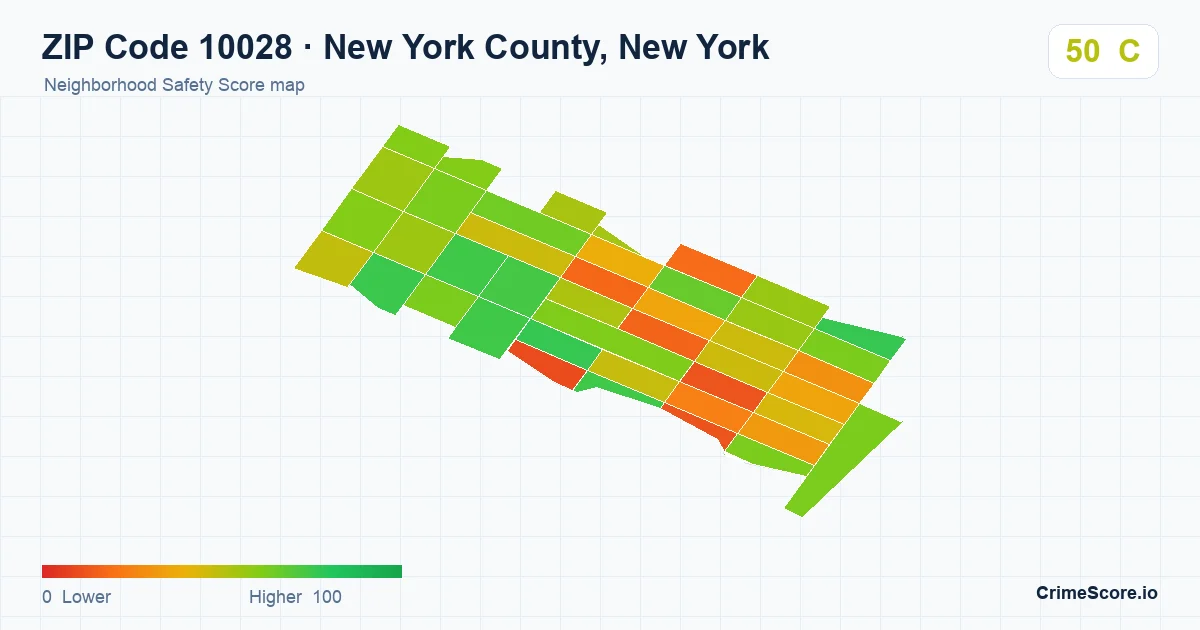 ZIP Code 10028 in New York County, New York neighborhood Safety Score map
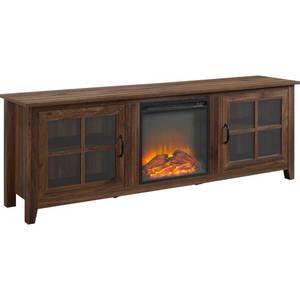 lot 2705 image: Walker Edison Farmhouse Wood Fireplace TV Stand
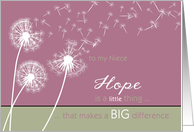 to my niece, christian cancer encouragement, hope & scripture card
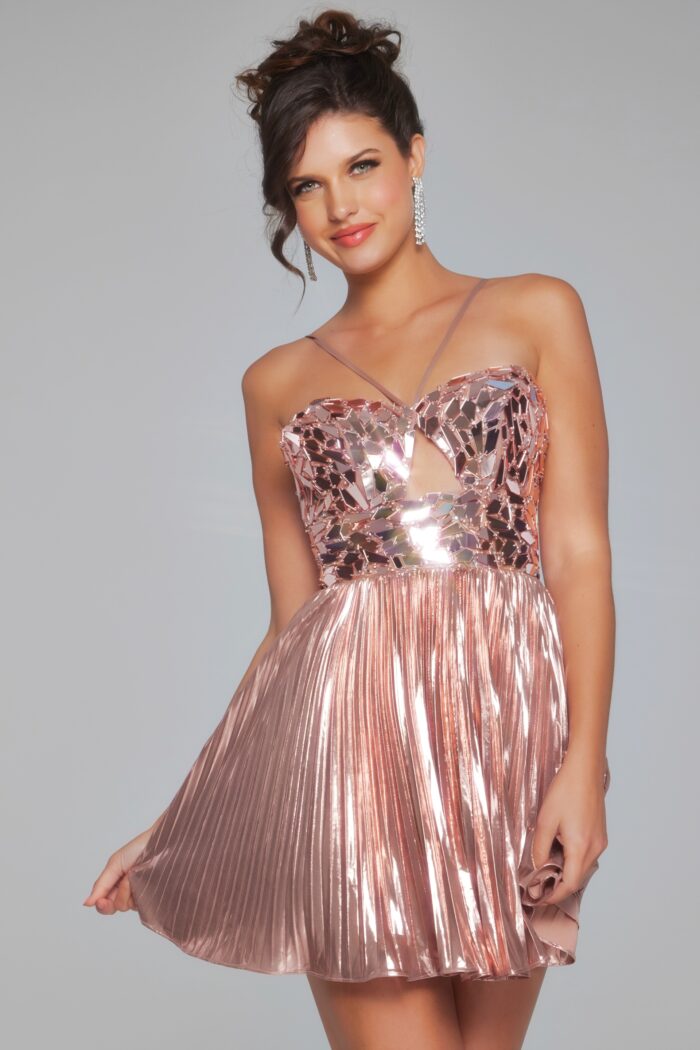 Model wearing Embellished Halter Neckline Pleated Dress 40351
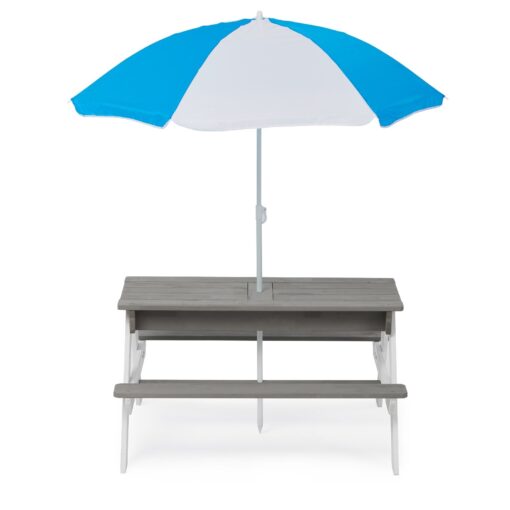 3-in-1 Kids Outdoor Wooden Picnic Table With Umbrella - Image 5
...
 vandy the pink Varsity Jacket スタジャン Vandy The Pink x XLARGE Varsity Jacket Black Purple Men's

■ WHAT YOU ARE ASKED TO DO: In the entries above, find the line containing "ZIP Code 10028" and the line containing "3-in-1 Kids Outdoor", then copy both and every line between them exactly, without any picture.

■ ANSWER TO THIS EXERCISE:
 ZIP Code 10028 in New York County, New York neighborhood Safety Score map
 lot 2705 image: Walker Edison Farmhouse Wood Fireplace TV Stand
 to my niece, christian cancer encouragement, hope & scripture card
 Model wearing Embellished Halter Neckline Pleated Dress 40351
 3-in-1 Kids Outdoor Wooden Picnic Table With Umbrella - Image 5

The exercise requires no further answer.